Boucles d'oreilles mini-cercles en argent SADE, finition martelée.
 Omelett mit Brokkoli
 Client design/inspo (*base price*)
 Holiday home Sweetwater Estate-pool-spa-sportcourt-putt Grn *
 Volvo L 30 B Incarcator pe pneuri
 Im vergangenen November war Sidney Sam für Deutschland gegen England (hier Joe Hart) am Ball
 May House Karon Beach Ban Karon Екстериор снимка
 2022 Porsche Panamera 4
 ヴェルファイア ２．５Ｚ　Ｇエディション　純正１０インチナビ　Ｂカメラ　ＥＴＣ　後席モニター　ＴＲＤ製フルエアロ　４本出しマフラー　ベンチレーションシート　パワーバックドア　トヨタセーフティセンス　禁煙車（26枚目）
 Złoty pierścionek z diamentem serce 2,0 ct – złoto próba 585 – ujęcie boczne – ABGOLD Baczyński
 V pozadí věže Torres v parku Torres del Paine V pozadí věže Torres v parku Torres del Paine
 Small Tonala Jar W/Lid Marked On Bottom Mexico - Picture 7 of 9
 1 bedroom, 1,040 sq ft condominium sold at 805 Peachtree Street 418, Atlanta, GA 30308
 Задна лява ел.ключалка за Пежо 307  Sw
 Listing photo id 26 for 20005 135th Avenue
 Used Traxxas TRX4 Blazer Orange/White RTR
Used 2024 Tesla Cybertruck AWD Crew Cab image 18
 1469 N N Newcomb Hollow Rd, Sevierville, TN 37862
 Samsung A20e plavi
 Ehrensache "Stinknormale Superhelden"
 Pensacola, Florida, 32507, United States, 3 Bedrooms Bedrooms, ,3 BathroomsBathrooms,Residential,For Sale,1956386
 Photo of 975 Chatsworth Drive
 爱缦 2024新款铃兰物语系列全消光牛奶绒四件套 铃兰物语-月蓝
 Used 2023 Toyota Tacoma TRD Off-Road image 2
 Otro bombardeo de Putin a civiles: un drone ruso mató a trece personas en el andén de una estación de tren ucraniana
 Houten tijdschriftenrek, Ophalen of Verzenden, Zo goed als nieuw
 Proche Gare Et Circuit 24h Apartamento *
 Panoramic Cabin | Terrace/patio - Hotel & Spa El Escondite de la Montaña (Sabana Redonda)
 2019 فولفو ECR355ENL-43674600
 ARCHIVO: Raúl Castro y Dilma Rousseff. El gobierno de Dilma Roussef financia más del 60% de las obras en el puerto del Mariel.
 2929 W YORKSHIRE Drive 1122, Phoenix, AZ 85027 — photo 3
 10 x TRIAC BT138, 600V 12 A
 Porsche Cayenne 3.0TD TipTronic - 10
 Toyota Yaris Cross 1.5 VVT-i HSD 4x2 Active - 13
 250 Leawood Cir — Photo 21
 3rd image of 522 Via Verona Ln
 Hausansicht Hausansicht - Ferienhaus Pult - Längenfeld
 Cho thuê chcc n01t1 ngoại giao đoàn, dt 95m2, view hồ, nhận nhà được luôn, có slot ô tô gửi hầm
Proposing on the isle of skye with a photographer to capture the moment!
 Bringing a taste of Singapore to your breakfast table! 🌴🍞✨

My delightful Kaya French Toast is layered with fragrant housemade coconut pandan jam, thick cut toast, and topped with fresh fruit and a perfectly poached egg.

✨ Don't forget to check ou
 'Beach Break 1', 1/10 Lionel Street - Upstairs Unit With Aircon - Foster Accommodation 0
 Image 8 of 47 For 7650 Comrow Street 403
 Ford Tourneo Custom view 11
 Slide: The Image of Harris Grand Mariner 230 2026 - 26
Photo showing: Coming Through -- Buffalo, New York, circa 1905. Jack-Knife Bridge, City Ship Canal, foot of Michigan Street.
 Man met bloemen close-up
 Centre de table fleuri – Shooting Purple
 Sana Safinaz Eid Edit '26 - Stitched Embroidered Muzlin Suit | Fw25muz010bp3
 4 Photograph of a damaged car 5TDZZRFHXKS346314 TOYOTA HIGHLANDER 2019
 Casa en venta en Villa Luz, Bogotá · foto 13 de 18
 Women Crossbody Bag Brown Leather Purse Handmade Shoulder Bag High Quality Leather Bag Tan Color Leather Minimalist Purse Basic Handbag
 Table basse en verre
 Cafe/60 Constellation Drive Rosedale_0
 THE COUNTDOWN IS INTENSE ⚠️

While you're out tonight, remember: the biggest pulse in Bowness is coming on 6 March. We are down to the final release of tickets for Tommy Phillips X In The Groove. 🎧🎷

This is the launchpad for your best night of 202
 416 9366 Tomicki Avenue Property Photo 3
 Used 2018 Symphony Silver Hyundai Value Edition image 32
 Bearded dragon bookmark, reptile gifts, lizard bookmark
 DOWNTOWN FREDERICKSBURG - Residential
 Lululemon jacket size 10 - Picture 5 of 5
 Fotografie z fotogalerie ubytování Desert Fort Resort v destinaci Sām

======

[Task objective]: Every entry should be output again exactly as written.

[Your response]:
Boucles d'oreilles mini-cercles en argent SADE, finition martelée.
 Omelett mit Brokkoli
 Client design/inspo (*base price*)
 Holiday home Sweetwater Estate-pool-spa-sportcourt-putt Grn *
 Volvo L 30 B Incarcator pe pneuri
 Im vergangenen November war Sidney Sam für Deutschland gegen England (hier Joe Hart) am Ball
 May House Karon Beach Ban Karon Екстериор снимка
 2022 Porsche Panamera 4
 ヴェルファイア ２．５Ｚ　Ｇエディション　純正１０インチナビ　Ｂカメラ　ＥＴＣ　後席モニター　ＴＲＤ製フルエアロ　４本出しマフラー　ベンチレーションシート　パワーバックドア　トヨタセーフティセンス　禁煙車（26枚目）
 Złoty pierścionek z diamentem serce 2,0 ct – złoto próba 585 – ujęcie boczne – ABGOLD Baczyński
 V pozadí věže Torres v parku Torres del Paine V pozadí věže Torres v parku Torres del Paine
 Small Tonala Jar W/Lid Marked On Bottom Mexico - Picture 7 of 9
 1 bedroom, 1,040 sq ft condominium sold at 805 Peachtree Street 418, Atlanta, GA 30308
 Задна лява ел.ключалка за Пежо 307  Sw
 Listing photo id 26 for 20005 135th Avenue
 Used Traxxas TRX4 Blazer Orange/White RTR
Used 2024 Tesla Cybertruck AWD Crew Cab image 18
 1469 N N Newcomb Hollow Rd, Sevierville, TN 37862
 Samsung A20e plavi
 Ehrensache "Stinknormale Superhelden"
 Pensacola, Florida, 32507, United States, 3 Bedrooms Bedrooms, ,3 BathroomsBathrooms,Residential,For Sale,1956386
 Photo of 975 Chatsworth Drive
 爱缦 2024新款铃兰物语系列全消光牛奶绒四件套 铃兰物语-月蓝
 Used 2023 Toyota Tacoma TRD Off-Road image 2
 Otro bombardeo de Putin a civiles: un drone ruso mató a trece personas en el andén de una estación de tren ucraniana
 Houten tijdschriftenrek, Ophalen of Verzenden, Zo goed als nieuw
 Proche Gare Et Circuit 24h Apartamento *
 Panoramic Cabin | Terrace/patio - Hotel & Spa El Escondite de la Montaña (Sabana Redonda)
 2019 فولفو ECR355ENL-43674600
 ARCHIVO: Raúl Castro y Dilma Rousseff. El gobierno de Dilma Roussef financia más del 60% de las obras en el puerto del Mariel.
 2929 W YORKSHIRE Drive 1122, Phoenix, AZ 85027 — photo 3
 10 x TRIAC BT138, 600V 12 A
 Porsche Cayenne 3.0TD TipTronic - 10
 Toyota Yaris Cross 1.5 VVT-i HSD 4x2 Active - 13
 250 Leawood Cir — Photo 21
 3rd image of 522 Via Verona Ln
 Hausansicht Hausansicht - Ferienhaus Pult - Längenfeld
 Cho thuê chcc n01t1 ngoại giao đoàn, dt 95m2, view hồ, nhận nhà được luôn, có slot ô tô gửi hầm
Proposing on the isle of skye with a photographer to capture the moment!
 Bringing a taste of Singapore to your breakfast table! 🌴🍞✨

My delightful Kaya French Toast is layered with fragrant housemade coconut pandan jam, thick cut toast, and topped with fresh fruit and a perfectly poached egg.

✨ Don't forget to check ou
 'Beach Break 1', 1/10 Lionel Street - Upstairs Unit With Aircon - Foster Accommodation 0
 Image 8 of 47 For 7650 Comrow Street 403
 Ford Tourneo Custom view 11
 Slide: The Image of Harris Grand Mariner 230 2026 - 26
Photo showing: Coming Through -- Buffalo, New York, circa 1905. Jack-Knife Bridge, City Ship Canal, foot of Michigan Street.
 Man met bloemen close-up
 Centre de table fleuri – Shooting Purple
 Sana Safinaz Eid Edit '26 - Stitched Embroidered Muzlin Suit | Fw25muz010bp3
 4 Photograph of a damaged car 5TDZZRFHXKS346314 TOYOTA HIGHLANDER 2019
 Casa en venta en Villa Luz, Bogotá · foto 13 de 18
 Women Crossbody Bag Brown Leather Purse Handmade Shoulder Bag High Quality Leather Bag Tan Color Leather Minimalist Purse Basic Handbag
 Table basse en verre
 Cafe/60 Constellation Drive Rosedale_0
 THE COUNTDOWN IS INTENSE ⚠️

While you're out tonight, remember: the biggest pulse in Bowness is coming on 6 March. We are down to the final release of tickets for Tommy Phillips X In The Groove. 🎧🎷

This is the launchpad for your best night of 202
 416 9366 Tomicki Avenue Property Photo 3
 Used 2018 Symphony Silver Hyundai Value Edition image 32
 Bearded dragon bookmark, reptile gifts, lizard bookmark
 DOWNTOWN FREDERICKSBURG - Residential
 Lululemon jacket size 10 - Picture 5 of 5
 Fotografie z fotogalerie ubytování Desert Fort Resort v destinaci Sām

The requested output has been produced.